Renewable Term Insurance
Term insurance that can be renewed at the end of the term, at the option of the policyholder and without evidence of insurability, for a limited number of successive terms. The rates increase at each renewal as the age of the insured increases.
Renewal
Continuance of coverage under a policy beyond its original term by the insurer's acceptance of the premium for a new policy term.
Replacement Ratio
The percentage of income before retirement that is required to be replaced to maintain the same standard of living after retirement.
Replacement
The substitution of health insurance coverage from one policy contract to another.
Replacement
Sometimes existing life insurance policies are unnecessarily replaced with new coverage resulting in a loss of valuable benefits. If someone suggests replacing your existing coverage, insist on having a comparison disclosure statement completed. The most important policies to examine in detail are those that were issued in Canada prior to December 2, 1982. If you have a policy of this vintage with a significant cash surrender value, you may want to consider keeping it. It has special tax advantages over policies issued after December 2, 1982. Basically, the difference is this. The cash surrender value of a pre December 1982 policy can be converted to an annuity in accordance with the settlement options in the policy and as a result, the tax on any policy gain can be spread over the duration of the annuity. Since only the interest element of the annuity payment will be taxed, there will be less of a tax impact on the annuitant. Policies issued after December 2, 1982 that have their cash surrender value annuitized trigger a disposition and the annuitant must pay tax on the total policy gain immediately. If you still decide to replace existing coverage, don't cancel what you have until the new coverage has been issued.
Rescission
Termination of an insurance contract by the insurer on the grounds of material misstatement on the application for insurance. The action of rescission must take place within the contestable period or Time Limit on Certain Defences but takes effect as of the date of issue of the policy, thus voiding the contract from its inception.
Reserve
  1. An amount representing liabilities kept by an insurer to provide for future commitments under policies outstanding
  2. An amount allocated for a special purpose. Note that a reserve is usually a liability and not an extra fund
Residual Disability
A period of partial disability that immediately follows a period of total disability. Benefits for residual disability are paid on a pro-rata basis, depending on the percentage of earnings loss.
RESP
See Registered Education Savings Plan.
Retractable (RET)
A feature that can be included in a new debt or preferred issue allowing the security holder to redeem the security issue on a date earlier than the originally specified maturity date.
Revocable Trust
A trust that can be terminated or revoked by its creator.
Rider
A special policy provision or group of provisions that may be added to a policy to expand or limit the benefits otherwise payable.
Right of Survivorship
At the death of one co-owner of property, that person's interest in the property automatically passes to the surviving joint tenant or tenants.
Right
A temporary privilege granted to a firm's common shareholders to buy additional securities from the firm.
Risk
Any chance of loss.
Rollover Mortgage
A mortgage loan where the interest rate is established for a specific term.
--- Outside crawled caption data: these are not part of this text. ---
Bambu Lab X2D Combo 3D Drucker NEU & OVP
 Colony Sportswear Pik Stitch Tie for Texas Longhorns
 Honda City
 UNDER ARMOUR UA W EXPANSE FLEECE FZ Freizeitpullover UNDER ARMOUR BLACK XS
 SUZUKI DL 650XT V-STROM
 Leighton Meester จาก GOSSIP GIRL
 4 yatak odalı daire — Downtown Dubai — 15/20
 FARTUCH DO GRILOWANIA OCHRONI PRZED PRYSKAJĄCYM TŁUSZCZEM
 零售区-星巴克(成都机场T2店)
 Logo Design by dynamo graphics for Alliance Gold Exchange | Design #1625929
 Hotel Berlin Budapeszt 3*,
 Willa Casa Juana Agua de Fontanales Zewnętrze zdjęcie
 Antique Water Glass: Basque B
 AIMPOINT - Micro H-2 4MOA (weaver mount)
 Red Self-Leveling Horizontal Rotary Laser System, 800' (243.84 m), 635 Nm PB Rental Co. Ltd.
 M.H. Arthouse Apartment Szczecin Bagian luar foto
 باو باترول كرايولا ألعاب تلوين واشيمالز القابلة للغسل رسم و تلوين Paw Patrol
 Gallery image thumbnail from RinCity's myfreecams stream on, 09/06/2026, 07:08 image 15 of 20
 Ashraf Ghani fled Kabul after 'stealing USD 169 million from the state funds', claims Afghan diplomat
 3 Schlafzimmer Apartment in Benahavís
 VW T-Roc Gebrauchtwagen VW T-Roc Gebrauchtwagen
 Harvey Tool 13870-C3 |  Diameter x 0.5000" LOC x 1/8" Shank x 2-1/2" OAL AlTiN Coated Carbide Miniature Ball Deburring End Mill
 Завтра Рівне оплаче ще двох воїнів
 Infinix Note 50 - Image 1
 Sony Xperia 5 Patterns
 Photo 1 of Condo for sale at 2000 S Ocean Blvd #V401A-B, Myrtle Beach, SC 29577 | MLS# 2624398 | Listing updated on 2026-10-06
At the end of this term the mortgage is said to “roll over” and the borrower and lender may agree to extend to loan. If satisfactory terms cannot be agreed upon, the lender is entitled to be repaid in full. In this case, the borrower may seek alternative financing.
Rule of 72
This is a very important rule to know. The rule is that the number 72 divided by the rate of return of your investment equals the number of years it takes for your investment to double.